Lands Manager: Vacant

The Lands Office is located at 183 Nawishaskin Lane, in the Natural Resources building, immediately west of the Band Office.


There are only two types of ownership, or titles that Aboriginal Affairs and Northern Development Canada (AANDC) recognizes.  They are ‘Allotment’ and ‘Certificate of Possession’ (CP).  They are only valid after the Minister approves them.  You have to have an Allotment approved by Band Council Resolution (BCR) in order to apply for a CP.  A Member can get an Allotment only if they have a valid and approved claim to that parcel of land.

Note: Under a Land Code that is voted on and approved by the Membership, the Band, if it wishes, may expand the formal types of ownership for Members to include ‘Allocation’ and ‘Traditionally-Held Lands’.

An Allocation is where the Band gives or sells a parcel of property to a Member likely for a home lot in which that Member has no prior right of claim to a parcel of land.  This method gives every Member an opportunity to own a parcel of reserve land.  Rocky Pines is an example of this type of ownership.

Traditionally-Held land means a parcel of land in which a family can prove the land has been actively used by their family over generations and further, the Community and Council recognizes and approves their claim.  Each family may have different methods of managing how that land is kept within the family and passed down to younger generations.

(An LNIB Land Code would give the Members greater flexibility in types of ownership it chooses.)

Land Transfers

Many decades ago, land was transferred perhaps by a handshake maybe with a witness on hand.  Today, in order for a transfer to be valid, it must be prepared by the Lands Dept. together with a Bill of Sale noting the exact legal description, date of sale, and who the Purchaser and Seller are. Most importantly, the Seller must show valid proof of ownership of the land.

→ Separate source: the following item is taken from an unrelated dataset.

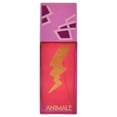 thumbnail image 2 of Animale Animale Sexy, 3.4 oz EDP Spray, 2 of 6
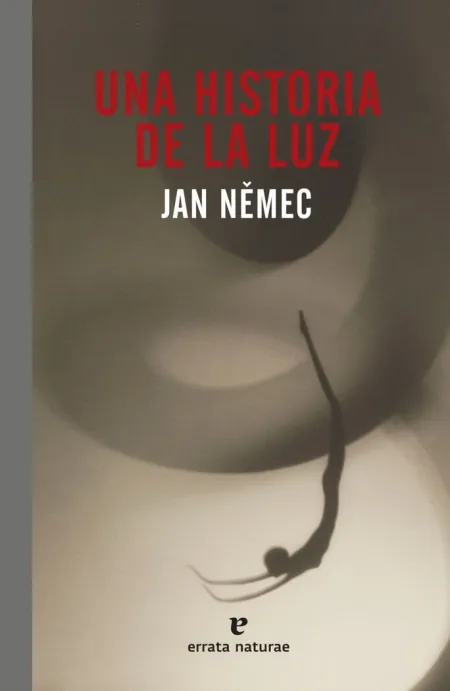 Una Historia de la Luz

There are two types of transfers: ‘Transfer of Land by a Personal Representative’ and’ Transfer of Land in an Indian Reserve’. The first is a transfer of land in an estate to an heir as noted in a Will of the deceased.  The second is a transfer of land under the Indian Act from a Member who has a CP or an approved Allotment.

Note: Under a Land Code both of process will take place a lot faster than the many months processing the same documents through AANDC.  In addition, under Land Code, the Band will have its own Land Registry Dept. where Members will be able to do property searches online with web-based mapping.  All documents, transfers, leases, permits, easements will be time-stamped and registered on the LNIB Registry.  This information is then uploaded to the First Nation Land Registry.